Implementing an item-based collaborative filter from scratch demonstrates the practical application of neighborhood-based collaborative filtering. This approach is often preferred in practice over a user-based one because item similarities tend to be more stable over time than user similarities. A user's tastes can change, but the relationship between two movies, for example, is relatively static.
We will use a subset of the popular MovieLens dataset. Our goal is to create a function that, given a movie title, returns a list of the most similar movies based on user rating patterns.

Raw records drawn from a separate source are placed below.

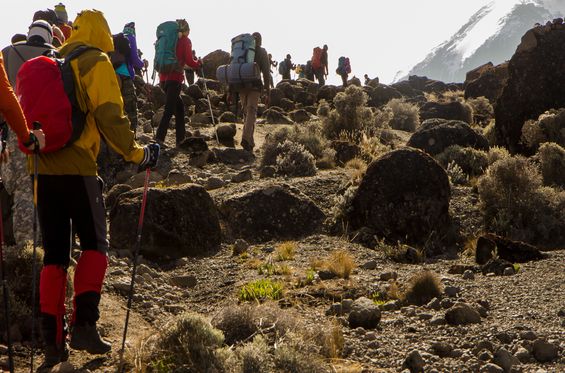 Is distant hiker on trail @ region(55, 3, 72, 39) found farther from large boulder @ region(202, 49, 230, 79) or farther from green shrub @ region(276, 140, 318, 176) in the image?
large boulder @ region(202, 49, 230, 79)

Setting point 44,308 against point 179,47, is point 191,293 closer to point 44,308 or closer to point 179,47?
point 44,308

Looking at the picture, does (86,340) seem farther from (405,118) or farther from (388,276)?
(405,118)

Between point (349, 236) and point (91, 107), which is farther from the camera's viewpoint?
point (349, 236)

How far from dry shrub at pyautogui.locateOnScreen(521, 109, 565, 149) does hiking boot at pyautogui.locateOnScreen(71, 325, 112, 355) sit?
1095 centimetres

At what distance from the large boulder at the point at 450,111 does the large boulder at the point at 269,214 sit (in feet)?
35.2

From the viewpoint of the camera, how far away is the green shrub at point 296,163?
1241 cm

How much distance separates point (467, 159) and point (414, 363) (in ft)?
29.1

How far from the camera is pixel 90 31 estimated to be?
4.81m

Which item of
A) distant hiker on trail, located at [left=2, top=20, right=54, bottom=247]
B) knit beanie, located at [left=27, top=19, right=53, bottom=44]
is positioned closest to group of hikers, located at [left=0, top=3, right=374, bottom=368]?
knit beanie, located at [left=27, top=19, right=53, bottom=44]

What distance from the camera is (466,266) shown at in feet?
26.5

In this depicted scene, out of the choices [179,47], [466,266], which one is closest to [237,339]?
[466,266]

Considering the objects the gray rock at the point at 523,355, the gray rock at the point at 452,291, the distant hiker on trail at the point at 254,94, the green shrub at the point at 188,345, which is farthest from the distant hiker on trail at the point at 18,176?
the distant hiker on trail at the point at 254,94

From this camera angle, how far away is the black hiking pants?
1316 cm

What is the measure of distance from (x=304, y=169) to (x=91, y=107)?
8.01m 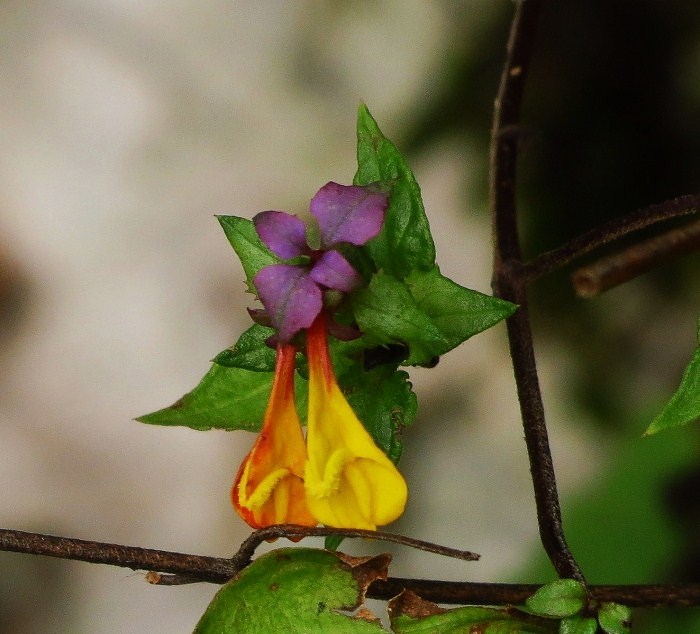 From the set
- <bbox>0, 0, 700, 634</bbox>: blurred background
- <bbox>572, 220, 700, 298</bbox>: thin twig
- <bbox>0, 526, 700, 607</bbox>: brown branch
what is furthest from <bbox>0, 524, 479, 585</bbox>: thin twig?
<bbox>0, 0, 700, 634</bbox>: blurred background

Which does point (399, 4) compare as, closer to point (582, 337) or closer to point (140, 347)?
point (582, 337)

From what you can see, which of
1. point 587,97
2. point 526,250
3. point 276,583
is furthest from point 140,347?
point 276,583

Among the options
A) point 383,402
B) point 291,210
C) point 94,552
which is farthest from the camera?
point 291,210

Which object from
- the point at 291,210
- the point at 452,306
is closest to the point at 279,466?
the point at 452,306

First, we need to load our data and structure it into the user-item interaction matrix discussed earlier. Let's assume we have two CSV files: movies.csv containing movieId and title, and ratings.csv containing userId, movieId, and rating.
We'll start by loading these into pandas DataFrames and merging them.
import pandas as pd
import numpy as np
# Load the datasets
movies_df = pd.read_csv('movies.csv')
ratings_df = pd.read_csv('ratings.csv')
# Merge them to have movie titles alongside ratings
df = pd.merge(ratings_df, movies_df, on='movieId')
print(df.head())
This gives us a tidy format, but it's not the user-item matrix we need. We can create this matrix by using the pivot_table function, with users as the index, movie titles as the columns, and ratings as the values.
# Create the user-item interaction matrix
user_item_matrix = df.pivot_table(index='userId', columns='title', values='rating')
# Fill missing values with 0
user_item_matrix.fillna(0, inplace=True)
print(user_item_matrix.head())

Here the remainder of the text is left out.